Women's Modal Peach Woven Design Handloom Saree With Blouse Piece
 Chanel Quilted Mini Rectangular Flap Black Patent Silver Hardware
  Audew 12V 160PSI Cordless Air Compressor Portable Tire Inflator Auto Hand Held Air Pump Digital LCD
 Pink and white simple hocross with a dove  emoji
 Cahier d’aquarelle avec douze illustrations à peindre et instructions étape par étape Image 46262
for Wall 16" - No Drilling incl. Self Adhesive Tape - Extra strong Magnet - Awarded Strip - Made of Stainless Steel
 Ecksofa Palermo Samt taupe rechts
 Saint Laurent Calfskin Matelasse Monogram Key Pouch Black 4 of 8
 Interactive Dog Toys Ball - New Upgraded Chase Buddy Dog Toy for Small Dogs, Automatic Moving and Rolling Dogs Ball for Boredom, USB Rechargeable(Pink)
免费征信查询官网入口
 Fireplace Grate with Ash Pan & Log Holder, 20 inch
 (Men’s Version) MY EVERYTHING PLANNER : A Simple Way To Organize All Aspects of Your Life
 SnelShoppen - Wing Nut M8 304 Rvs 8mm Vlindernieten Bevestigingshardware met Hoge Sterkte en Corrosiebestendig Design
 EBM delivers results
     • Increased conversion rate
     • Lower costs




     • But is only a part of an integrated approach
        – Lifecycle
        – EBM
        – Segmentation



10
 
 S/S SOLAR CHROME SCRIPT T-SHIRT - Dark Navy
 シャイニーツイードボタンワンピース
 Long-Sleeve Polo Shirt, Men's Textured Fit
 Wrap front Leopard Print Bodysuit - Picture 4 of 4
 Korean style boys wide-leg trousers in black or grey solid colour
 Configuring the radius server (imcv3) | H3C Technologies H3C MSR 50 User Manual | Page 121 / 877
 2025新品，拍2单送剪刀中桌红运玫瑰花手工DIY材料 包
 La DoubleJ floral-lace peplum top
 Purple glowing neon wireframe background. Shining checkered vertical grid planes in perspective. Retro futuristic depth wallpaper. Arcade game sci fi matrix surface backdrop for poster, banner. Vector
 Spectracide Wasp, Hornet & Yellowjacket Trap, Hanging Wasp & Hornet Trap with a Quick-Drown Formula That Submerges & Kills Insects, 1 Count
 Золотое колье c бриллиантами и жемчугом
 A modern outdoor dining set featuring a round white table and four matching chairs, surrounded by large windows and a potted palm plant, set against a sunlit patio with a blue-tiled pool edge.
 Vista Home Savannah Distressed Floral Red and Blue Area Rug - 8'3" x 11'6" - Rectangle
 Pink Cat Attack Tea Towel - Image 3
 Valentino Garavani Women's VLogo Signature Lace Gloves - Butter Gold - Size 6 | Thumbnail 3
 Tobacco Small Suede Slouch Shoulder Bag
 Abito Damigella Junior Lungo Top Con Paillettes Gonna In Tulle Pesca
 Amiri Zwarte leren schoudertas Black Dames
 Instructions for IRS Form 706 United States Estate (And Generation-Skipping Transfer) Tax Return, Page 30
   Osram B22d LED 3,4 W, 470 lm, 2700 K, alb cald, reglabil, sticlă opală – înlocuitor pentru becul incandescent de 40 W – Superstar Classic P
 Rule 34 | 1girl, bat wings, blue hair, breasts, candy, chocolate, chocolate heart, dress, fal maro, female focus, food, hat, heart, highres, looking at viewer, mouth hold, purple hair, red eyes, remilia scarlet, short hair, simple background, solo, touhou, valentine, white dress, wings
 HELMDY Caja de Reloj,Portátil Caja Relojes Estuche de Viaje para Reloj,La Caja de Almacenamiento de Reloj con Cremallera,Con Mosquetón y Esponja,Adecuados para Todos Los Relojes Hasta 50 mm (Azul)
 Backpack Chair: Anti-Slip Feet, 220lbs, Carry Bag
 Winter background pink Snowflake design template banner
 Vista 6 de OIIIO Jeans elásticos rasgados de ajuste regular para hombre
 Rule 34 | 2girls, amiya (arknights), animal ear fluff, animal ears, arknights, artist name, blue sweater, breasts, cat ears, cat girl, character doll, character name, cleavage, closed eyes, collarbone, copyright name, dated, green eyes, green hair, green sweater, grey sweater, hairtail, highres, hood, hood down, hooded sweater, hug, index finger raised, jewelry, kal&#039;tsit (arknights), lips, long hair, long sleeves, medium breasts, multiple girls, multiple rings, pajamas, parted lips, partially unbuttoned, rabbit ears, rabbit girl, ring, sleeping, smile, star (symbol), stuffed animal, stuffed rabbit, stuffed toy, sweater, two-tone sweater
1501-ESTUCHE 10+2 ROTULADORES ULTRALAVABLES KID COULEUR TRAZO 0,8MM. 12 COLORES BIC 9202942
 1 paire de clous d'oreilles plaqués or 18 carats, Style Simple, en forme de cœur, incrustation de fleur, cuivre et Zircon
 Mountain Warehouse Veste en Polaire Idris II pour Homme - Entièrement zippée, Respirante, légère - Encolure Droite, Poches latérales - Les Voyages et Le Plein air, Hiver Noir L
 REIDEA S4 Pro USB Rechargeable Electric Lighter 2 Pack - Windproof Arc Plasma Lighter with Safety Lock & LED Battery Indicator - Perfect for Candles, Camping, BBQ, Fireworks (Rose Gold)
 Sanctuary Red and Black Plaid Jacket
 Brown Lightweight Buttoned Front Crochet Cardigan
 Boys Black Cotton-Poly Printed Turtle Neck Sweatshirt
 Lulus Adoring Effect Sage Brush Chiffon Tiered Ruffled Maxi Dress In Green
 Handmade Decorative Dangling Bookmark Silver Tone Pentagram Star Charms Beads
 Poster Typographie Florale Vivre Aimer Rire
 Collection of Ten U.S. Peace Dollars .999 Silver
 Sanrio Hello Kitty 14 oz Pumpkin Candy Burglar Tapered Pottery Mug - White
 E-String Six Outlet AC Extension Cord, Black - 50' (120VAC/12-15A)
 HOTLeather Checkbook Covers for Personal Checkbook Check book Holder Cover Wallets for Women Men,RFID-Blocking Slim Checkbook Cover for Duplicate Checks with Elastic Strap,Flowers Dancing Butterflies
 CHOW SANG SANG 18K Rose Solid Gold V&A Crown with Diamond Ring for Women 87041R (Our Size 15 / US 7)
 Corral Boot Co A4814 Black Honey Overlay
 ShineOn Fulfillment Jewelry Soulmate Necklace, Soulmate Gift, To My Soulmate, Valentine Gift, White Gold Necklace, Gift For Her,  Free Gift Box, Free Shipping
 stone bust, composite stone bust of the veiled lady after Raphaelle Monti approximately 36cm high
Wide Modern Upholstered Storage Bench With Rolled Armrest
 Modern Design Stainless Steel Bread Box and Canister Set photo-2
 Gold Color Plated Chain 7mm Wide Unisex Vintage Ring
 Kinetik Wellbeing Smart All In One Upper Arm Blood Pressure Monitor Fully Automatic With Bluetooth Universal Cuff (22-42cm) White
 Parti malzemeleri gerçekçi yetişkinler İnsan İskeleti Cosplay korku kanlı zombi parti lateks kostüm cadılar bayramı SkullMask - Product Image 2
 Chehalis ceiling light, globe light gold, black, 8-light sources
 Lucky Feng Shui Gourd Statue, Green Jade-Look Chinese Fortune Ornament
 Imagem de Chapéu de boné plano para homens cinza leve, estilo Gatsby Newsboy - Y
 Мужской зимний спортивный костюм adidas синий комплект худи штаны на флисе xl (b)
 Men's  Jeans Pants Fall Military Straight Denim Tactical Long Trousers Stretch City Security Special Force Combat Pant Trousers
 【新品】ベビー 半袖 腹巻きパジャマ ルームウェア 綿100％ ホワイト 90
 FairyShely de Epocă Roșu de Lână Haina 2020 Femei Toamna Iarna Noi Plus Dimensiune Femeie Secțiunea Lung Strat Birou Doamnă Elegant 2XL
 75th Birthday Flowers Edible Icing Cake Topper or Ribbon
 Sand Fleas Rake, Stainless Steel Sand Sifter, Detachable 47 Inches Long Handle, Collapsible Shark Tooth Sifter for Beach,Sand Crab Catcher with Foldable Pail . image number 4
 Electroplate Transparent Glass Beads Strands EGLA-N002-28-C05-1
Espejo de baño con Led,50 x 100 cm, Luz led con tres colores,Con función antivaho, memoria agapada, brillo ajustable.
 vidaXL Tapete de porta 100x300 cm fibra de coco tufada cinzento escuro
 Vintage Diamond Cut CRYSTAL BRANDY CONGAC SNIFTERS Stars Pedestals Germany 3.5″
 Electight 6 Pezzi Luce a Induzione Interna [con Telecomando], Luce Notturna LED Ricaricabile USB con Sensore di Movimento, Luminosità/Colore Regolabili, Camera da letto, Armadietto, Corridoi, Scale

##############################

Starting at the line with "Abito Damigella Junior" and ending at the line with "Vista 6 de OIIIO", print each line of the listing above exactly, with no other lines.

 Abito Damigella Junior Lungo Top Con Paillettes Gonna In Tulle Pesca
 Amiri Zwarte leren schoudertas Black Dames
 Instructions for IRS Form 706 United States Estate (And Generation-Skipping Transfer) Tax Return, Page 30
   Osram B22d LED 3,4 W, 470 lm, 2700 K, alb cald, reglabil, sticlă opală – înlocuitor pentru becul incandescent de 40 W – Superstar Classic P
 Rule 34 | 1girl, bat wings, blue hair, breasts, candy, chocolate, chocolate heart, dress, fal maro, female focus, food, hat, heart, highres, looking at viewer, mouth hold, purple hair, red eyes, remilia scarlet, short hair, simple background, solo, touhou, valentine, white dress, wings
 HELMDY Caja de Reloj,Portátil Caja Relojes Estuche de Viaje para Reloj,La Caja de Almacenamiento de Reloj con Cremallera,Con Mosquetón y Esponja,Adecuados para Todos Los Relojes Hasta 50 mm (Azul)
 Backpack Chair: Anti-Slip Feet, 220lbs, Carry Bag
 Winter background pink Snowflake design template banner
 Vista 6 de OIIIO Jeans elásticos rasgados de ajuste regular para hombre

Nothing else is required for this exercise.